How could we reproduce this issue?

• CVE-2020-28168 - Medium Severity Vulnerability

Supporting information

Please follow this CVE-2020-28168, related axios issue

Dependency Hierarchy:

• pm2-4.5.0.tgz (Root Library)
  • js-api-0.6.0.tgz
    ❌ axios-0.19.2.tgz (Vulnerable Library)

[mririgoyen]

This is now being reported by NPM's audit tools and has begun to fail our pipelines due to its "high" severity.

https://www.npmjs.com/advisories/1594

[mashpie]

This is now resolvable by yarn upgrade -A or npm equivalent, as js-api published a new patch version with the current axios minor version some minutes ago.

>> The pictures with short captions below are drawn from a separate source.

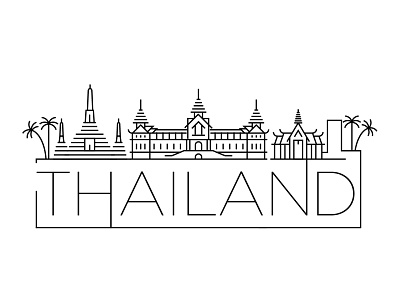 Thailand Minimal Skyline asia bali building design flat icon illustration line linear logo minimal thailand vector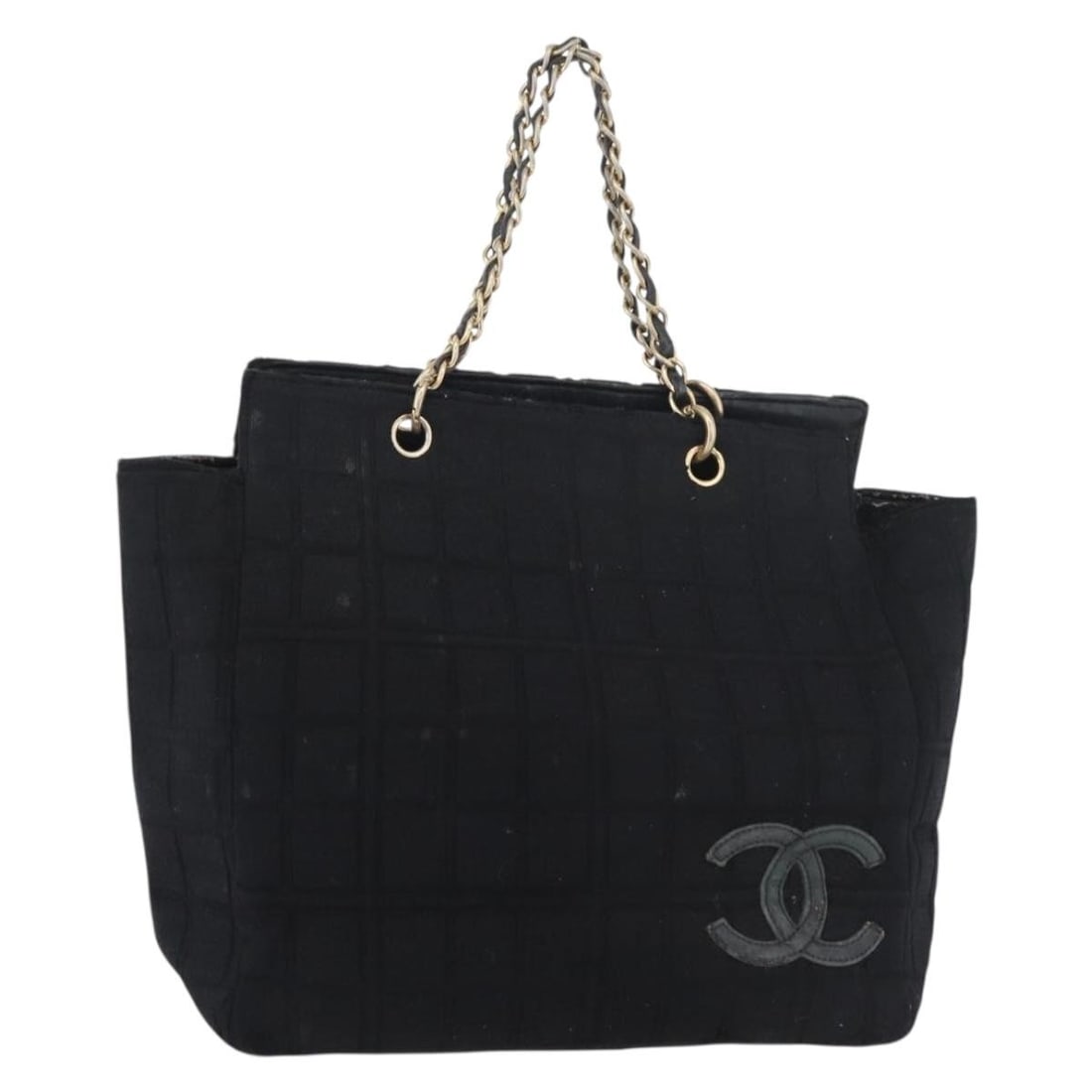 CHANEL Black Cotton Chain Hand Bag with Gold CC: CHANEL Black Cotton Chain Hand Bag with Gold CC CHANEL chain hand bag in black and gold cotton, made in Italy. This women's handbag measures approximately 25 cm W x 30 cm H x 13 cm D, with a handle dr
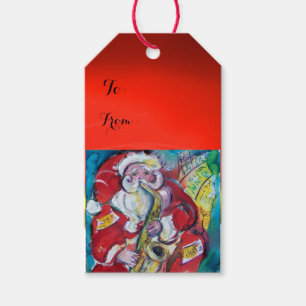 SANTA & SAX, CHRISTMAS PARTY GIFT TAGS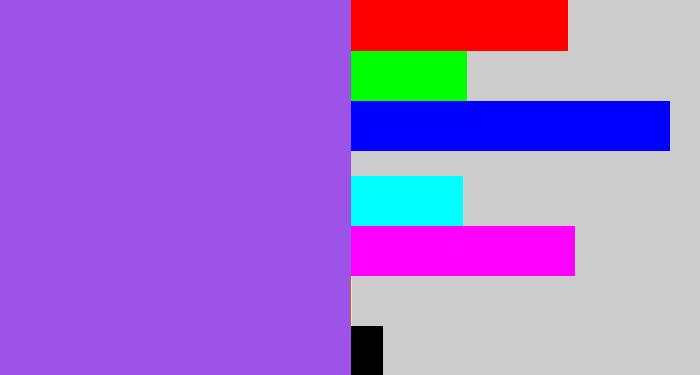 Hex color #9d53e7 - lightish purple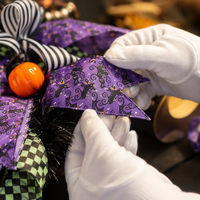 Guirlande d'Halloween pour porte d'entrée, avec nœud et crâne, décoration murale intérieure et extérieure pour fête d'Halloween, thème horreur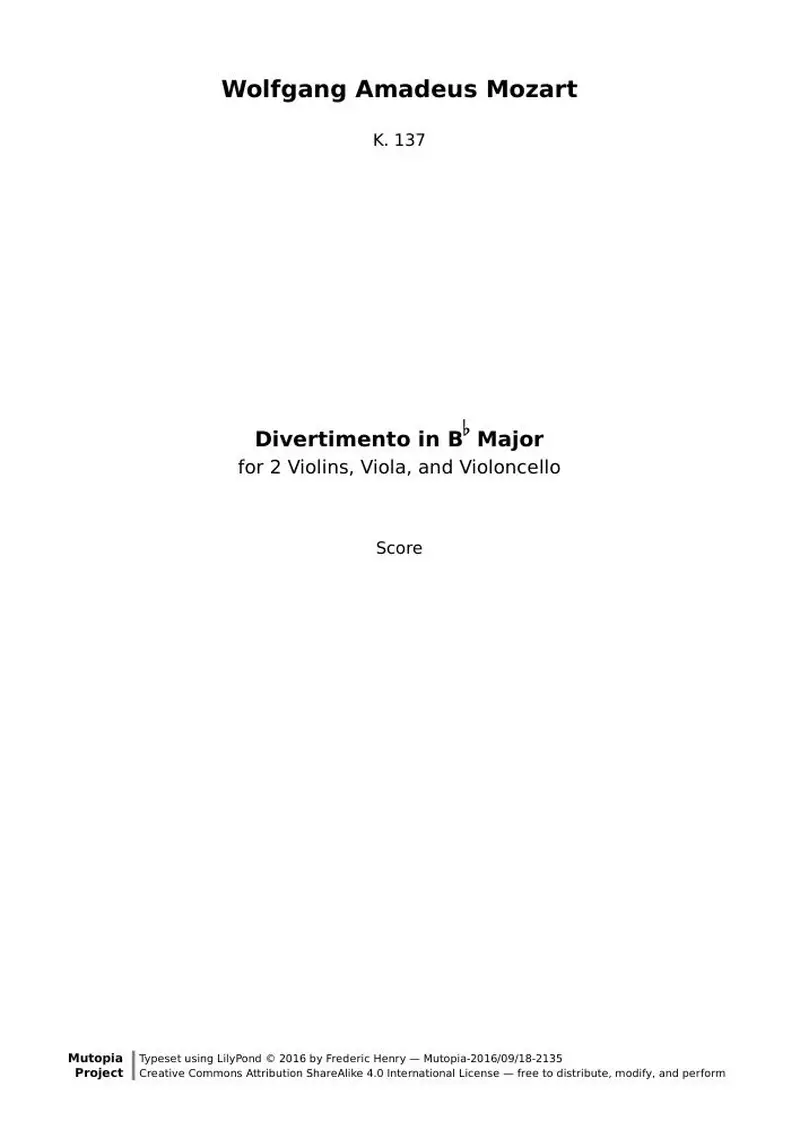 Первая страница нот «Divertimento Bb мажор (K. 137) — DivertimentoK137-score»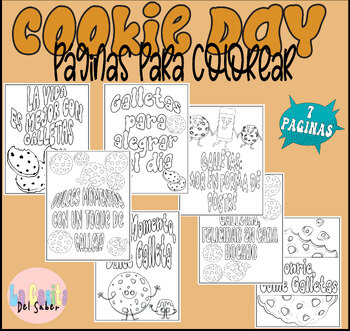 Preview of Cute Cookie Day Coloring Pages| Día de las Galletas páginas para colorear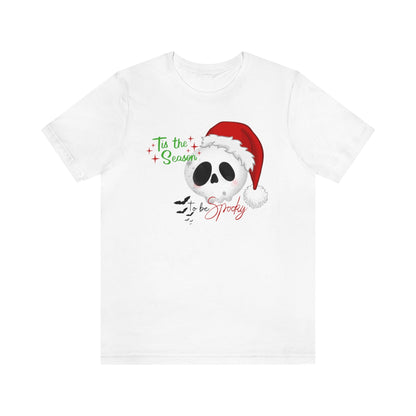 "Tis the Season to be Spooky'" Skull Santa Christmas Tee - Unisex Shirt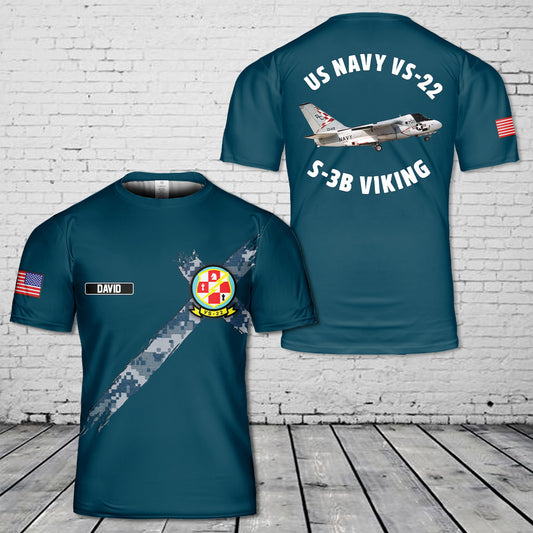 Custom Name US Navy VS-22 S-3B Viking 3D T-Shirt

A recent upgrade worked out as follows:

before

❯ yarn audit
yarn audit v1.22.4
┌───────────────┬──────────────────────────────────────────────────────────────┐
│ high          │ Server-Side Request Forgery                                  │
├───────────────┼──────────────────────────────────────────────────────────────┤
│ Package       │ axios                                                        │
├───────────────┼──────────────────────────────────────────────────────────────┤
│ Patched in    │ >=0.21.1                                                     │
├───────────────┼──────────────────────────────────────────────────────────────┤
│ Dependency of │ pm2                                                          │
├───────────────┼──────────────────────────────────────────────────────────────┤
│ Path          │ pm2 > @pm2/js-api > axios                                    │
├───────────────┼──────────────────────────────────────────────────────────────┤
│ More info     │ https://www.npmjs.com/advisories/1594                        │
└───────────────┴──────────────────────────────────────────────────────────────┘
1 vulnerabilities found - Packages audited: 960
Severity: 1 High
✨  Done in 1.00s.

apply upgrade

❯ yarn upgrade -A
yarn upgrade v1.22.4
[1/5] 🔍  Resolving packages...
[...]
[2/5] 🔍  Auditing packages...
[3/5] 🚚  Fetching packages...
[4/5] 🔗  Linking dependencies...
[5/5] 🔨  Rebuilding all packages...
0 vulnerabilities found - Packages audited: 958
success Saved lockfile.

double check

❯ yarn audit
yarn audit v1.22.4
0 vulnerabilities found - Packages audited: 958
✨  Done in 0.89s.

[warpr]

As @mashpie mentions above, npm audit and following its instructions works to resolve this with npm:

> $ npm audit                                                                                                                                                           [±main ●]
npm http fetch POST 200 https://registry.npmjs.org/-/npm/v1/security/audits 1361ms

                       === npm audit security report ===

# Run  npm update @pm2/js-api --depth 2  to resolve 1 vulnerability
┌───────────────┬──────────────────────────────────────────────────────────────┐
│ High          │ Server-Side Request Forgery                                  │
├───────────────┼──────────────────────────────────────────────────────────────┤
│ Package       │ axios                                                        │
├───────────────┼──────────────────────────────────────────────────────────────┤
│ Dependency of │ pm2                                                          │
├───────────────┼──────────────────────────────────────────────────────────────┤
│ Path          │ pm2 > @pm2/js-api > axios                                    │
├───────────────┼──────────────────────────────────────────────────────────────┤
│ More info     │ https://npmjs.com/advisories/1594                            │
└───────────────┴──────────────────────────────────────────────────────────────┘

[antoniore-edw]

I have a very similar issue with pm2 5.3.0 but with this vulnerability CVE-2023-45857. It seems the js-api is still using a vulnerable version of axios (0.21.4).

[OshriBaruch]

Same as @antoniore-edw, any fixes are planned?